Solving a triangle involves finding all the missing sides and angles of the triangle given some initial information. In the Law of Sines, which applies to any triangle (not just right-angled ones), we use the proportionality between the sides and the sines of the opposite angles. This powerful mathematical tool allows us to calculate unknown sides when we know an angle and its opposite side, and just as importantly, find unknown angles when we know the length of their opposite side.

To apply the law effectively, we need to identify known values accurately and establish the correct ratio, as seen with the given angle B of 2 degrees and 45 minutes, and opposite side length b.

Angles can be measured in degrees, minutes, and seconds, but for solving triangles using the Law of Sines, we need to convert these into decimal degrees. One degree has 60 minutes and one minute has 60 seconds. The conversion from minutes to degrees is straightforward — divide the number of minutes by 60. A similar process applies for seconds, dividing by 3600 (60 x 60), though seconds are not present in the given problem. An angle of 2 degrees and 45 minutes converts to 2.75 degrees, a more manageable figure for calculations.

Why Convert to Decimal?

Using decimal degrees simplifies the computations involved in trigonometric functions, allowing for easier entry into calculators and reducing the chance of errors.
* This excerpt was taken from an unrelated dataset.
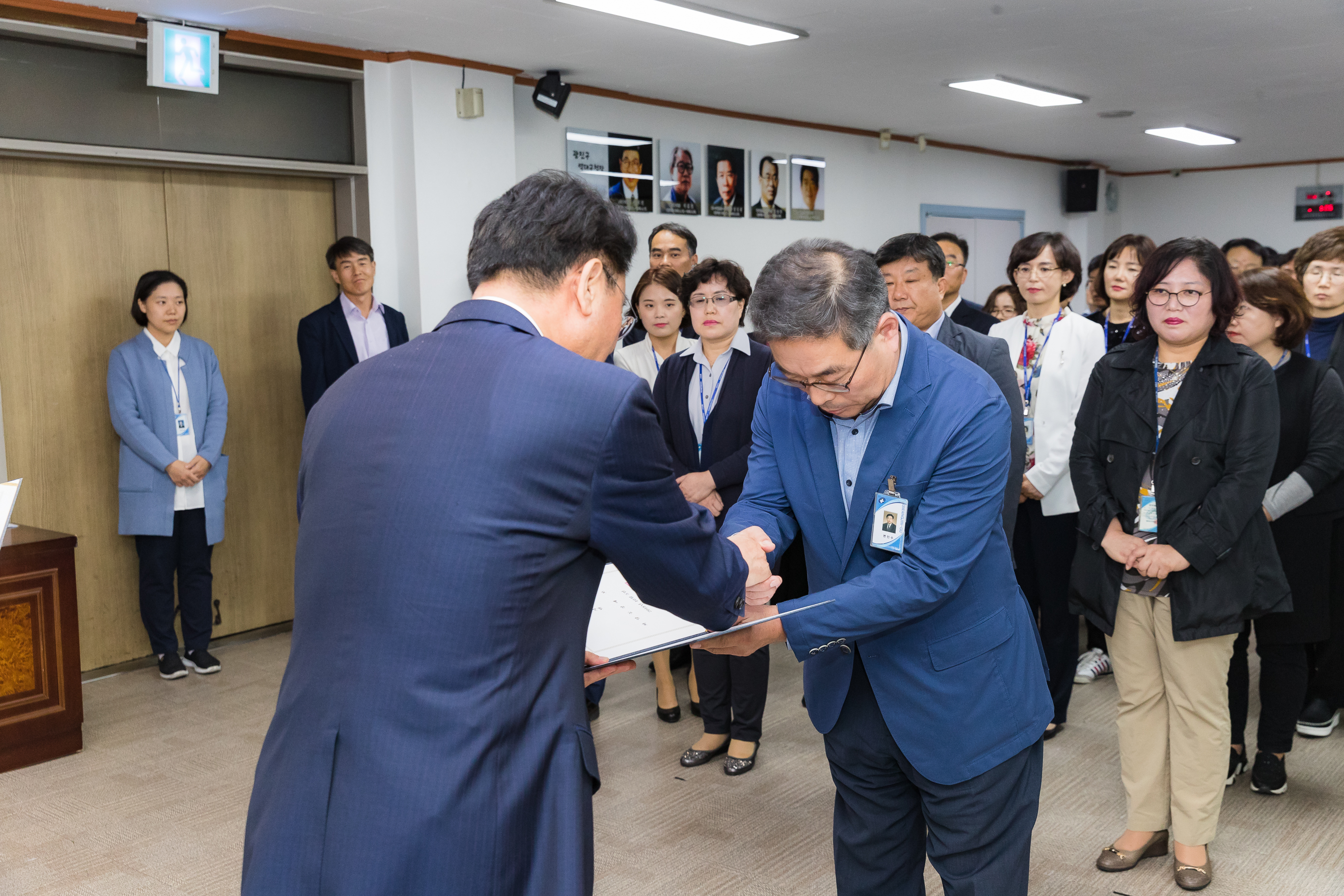 20181005-5급 이하 공무원 임용장 수여식 176198.jpg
Inverse sine, or sin^-1, is a function that does the opposite of sine, used to find an angle when the sine of the angle is known. It's particularly useful in scenarios where we're solving for an angle of a triangle and we already have the ratio of the opposite side to the hypotenuse. In this case, we used the Law of Sines to find the value of sin C, and then applied inverse sine to find the measure of angle C itself, given the proportion from angle B and its opposite side b. Knowing how to apply inverse sine correctly is crucial in triangulation problems.

The sum of interior angles in any triangle is always 180 degrees. This fundamental truth is indispensable for solving triangles. Once one or two angles are known, we can deduct them from 180 degrees to determine the unknown angle(s). In our problem, after finding angle C using the Law of Sines and inverse sine, we subtracted the measures of angles B and C from 180 degrees to get angle A. This relationship between interior angles forms the basis for many of the steps in solving triangle problems and is a key check to ensure that calculated angles are plausible.